Beliefs about money, like those about food, are highly culturally configurable (including what shouldn’t be stomached in its pursuit). Appetites “past reason hunted” become addictions. Individuals who think like utility monsters are money-addicts.

Perhaps money-hunger most resembles our evolved drive for status? But cultures that don’t channel status seeking toward constructive collective ends, don’t survive. That’s likely why all surviving hunter-gatherer cultures limit group-threatening behaviors, especially from those with high status. Some believe “greed is good” in markets. But under-guided, under-regulated markets can create enormous waste (40% of US food isn’t used. “Free markets” have unintentionally and intelligently evolved a weak variation of Hannah Arendt’s “banality of evil.” Ordinary decent people seeking only their livelihoods, intending no harm, work an institutional machinery that has harmful side-effects (like biosphere threatening pollution).
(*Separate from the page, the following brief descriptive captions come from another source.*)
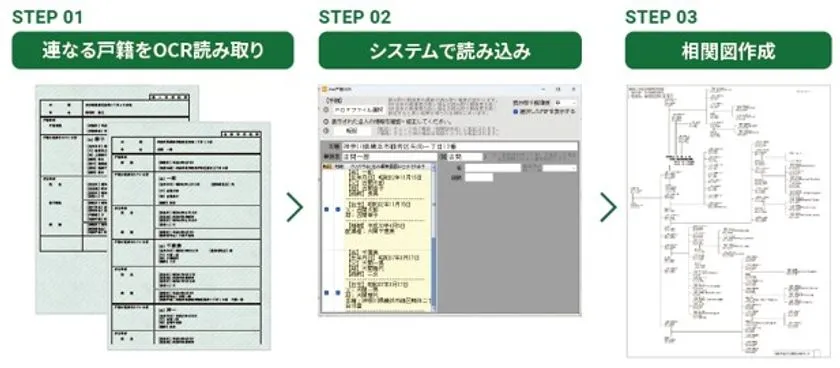 戸籍OCRから相関図作成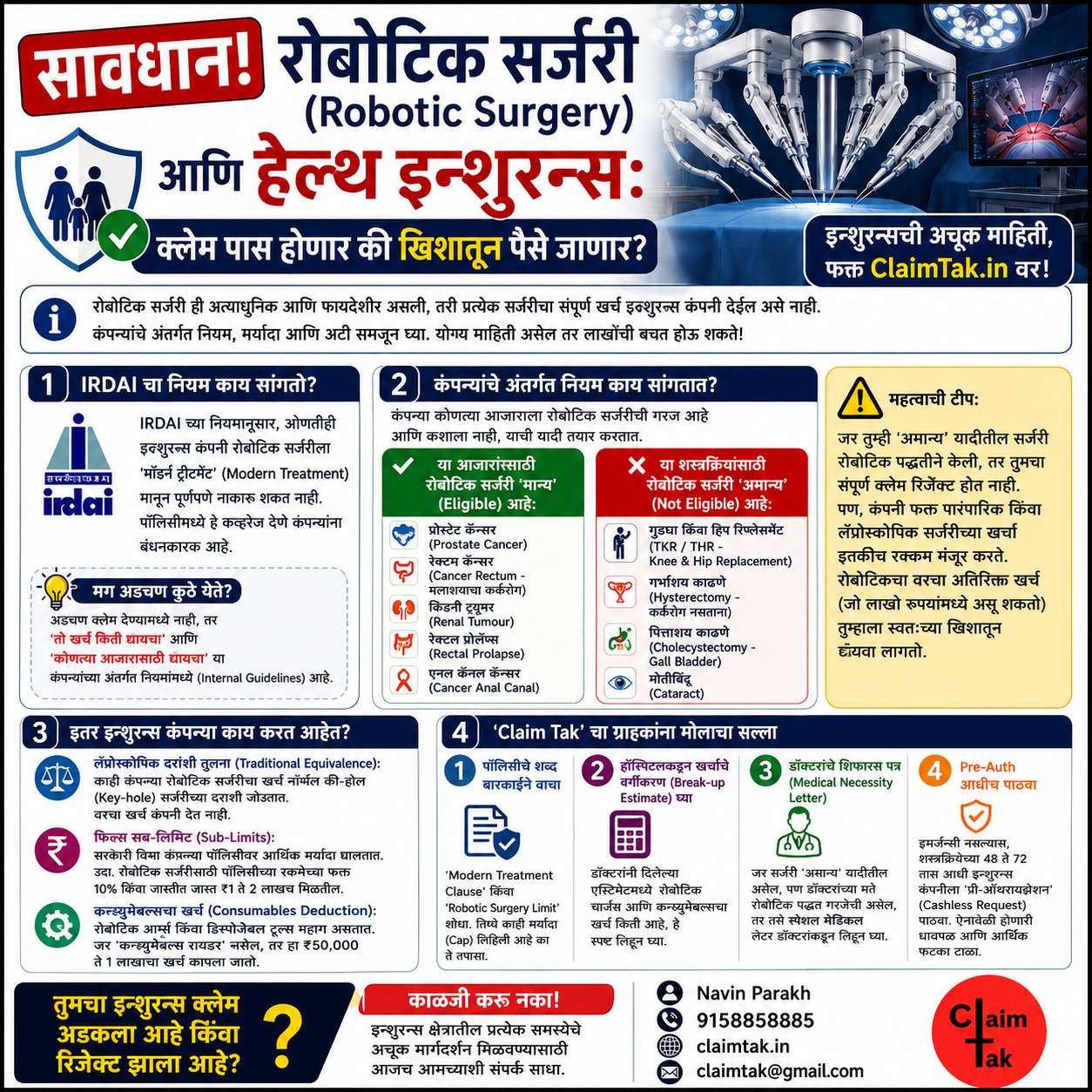रोबोटिक सर्जरी आणि हेल्थ इन्शुरन्स - ClaimTak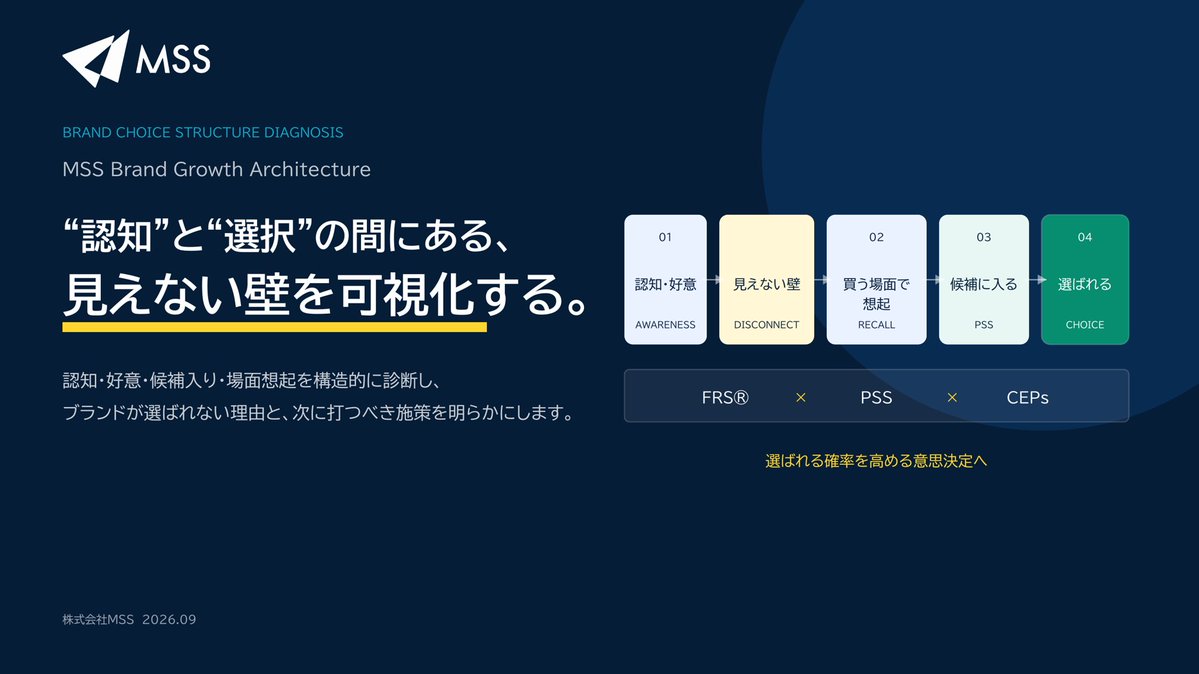 MSSinc19830920's tweet photo. 自社ブランドのマーケティング戦略について考えるヒントに
#ブランディング ＃マーケティング戦略 
https://t.co/LeGH8eM3Ga https://t.co/RdHlCzRXPS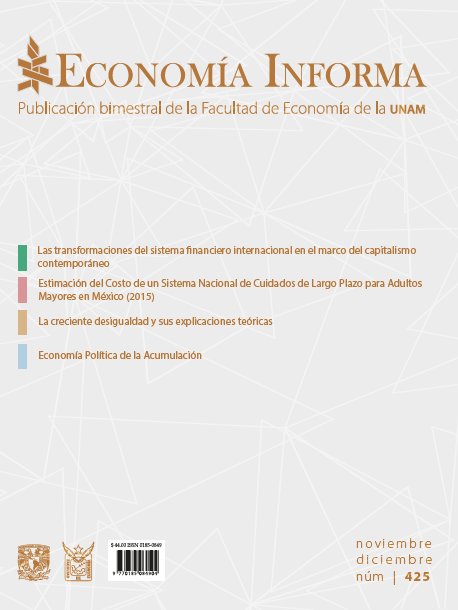 Revistas de la Facultad de Economía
To encourage unlimited money-hunger (individual or corporate) is to misuse the most powerful social forces on earth. Markets drive the activities of billions of people toward amazing ends. But their power is safer when intelligently guided, rather than left to evolve by local incentives and chance.

Our nature is limit-full. If we define “limitism” as organizing lives and markets to accommodate known limits, we can see that limitlessness involves ignorance. Knowledge of reality demands limitism.


http://news.yahoo.com/money-food-171400618.html

...

This touches on the basis of my admiration of Oprah - she figured out what this article said for herself when she became a billionaire.  She looked around and realized that it was time to do the show SHE wanted to do, not what the suits were telling her would be popular; she was so rich she could jump off the treadmill and risk failure.  This is an sadly rare bit of insight for anyone who reaches the top of any field, showbiz not least. 

That I didn't like the show she wanted to do is irrelevant; she realized she no longer needed to please me, and so proceeded to please herself and let her new audience find her.  That it did, and enhanced the appeal of the example she was setting for the other billionaires, was gravy.